O ex-ministro das Finanças de José Sócrates, Fernando Teixeira dos Santos, considera que o futuro Governo de esquerda não pode deixar que a despesa do Estado suba com a reposição integral dos salários da Função Pública em janeiro. Os atuais cortes salariais vigoram apenas até ao fim deste ano e sem novo Orçamento do Estado em vigor no início de 2016 não podem continuar a ser aplicados. Aliás, sem Orçamento e automaticamente em regime de duodécimos há outras medidas extraordinárias criadas por Passos Coelho que caem, como a sobretaxa de IRS.

“A minha opinião, francamente, é que estejam atentos à situação orçamental delicada em que o país se encontra.

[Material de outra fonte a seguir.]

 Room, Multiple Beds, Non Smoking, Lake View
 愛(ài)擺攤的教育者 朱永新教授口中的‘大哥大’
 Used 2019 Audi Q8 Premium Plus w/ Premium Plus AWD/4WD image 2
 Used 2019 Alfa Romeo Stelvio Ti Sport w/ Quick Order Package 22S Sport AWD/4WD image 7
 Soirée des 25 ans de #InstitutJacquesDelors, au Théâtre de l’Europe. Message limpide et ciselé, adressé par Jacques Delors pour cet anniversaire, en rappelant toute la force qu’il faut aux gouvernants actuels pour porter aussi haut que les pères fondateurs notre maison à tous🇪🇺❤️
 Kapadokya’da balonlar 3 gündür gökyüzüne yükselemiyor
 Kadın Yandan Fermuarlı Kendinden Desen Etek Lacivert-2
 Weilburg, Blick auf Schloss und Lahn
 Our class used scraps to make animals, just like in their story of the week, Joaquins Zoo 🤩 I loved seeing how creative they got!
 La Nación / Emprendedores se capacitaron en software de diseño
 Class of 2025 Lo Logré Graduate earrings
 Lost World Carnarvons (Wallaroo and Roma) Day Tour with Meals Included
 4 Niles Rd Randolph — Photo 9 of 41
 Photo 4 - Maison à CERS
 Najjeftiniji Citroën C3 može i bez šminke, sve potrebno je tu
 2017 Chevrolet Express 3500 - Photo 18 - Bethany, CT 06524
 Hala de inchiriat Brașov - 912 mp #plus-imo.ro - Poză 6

Seja para manter o que está ou seja para introduzir um novo quadro [de cortes salariais], é desejável que se evite o vazio que se gerará se nada se fizer“, afirmou ao Observador Teixeira dos Santos, sustentando que o país terá que manter o rumo da contenção orçamental e não pode dar sinais contraditórios. “Teremos que sinalizar que a correção orçamental continua, que o país continua empenhado em manter quadro orçamental sob controle. Por isso, seria prudente evitar que no início do ano tivéssemos fatores que pudessem perturbar essa situação”, explica.

O Orçamento do Estado de 2016 só deverá entrar em vigor em março e, por isso, janeiro e fevereiro serão geridos em duodécimos. O que significa isso? Que, em cada um desses meses, cada ministério não pode gastar mais de 1/12 daquilo que foi o orçamento para todo ano de 2015. Logo, não pode haver aumento de despesa, embora cada ministro possa usar o bolo de dinheiro que tem da forma como entender, adiando, por exemplo, alguns tipos de despesa para fazer face a outras que considere mesmo inadiáveis.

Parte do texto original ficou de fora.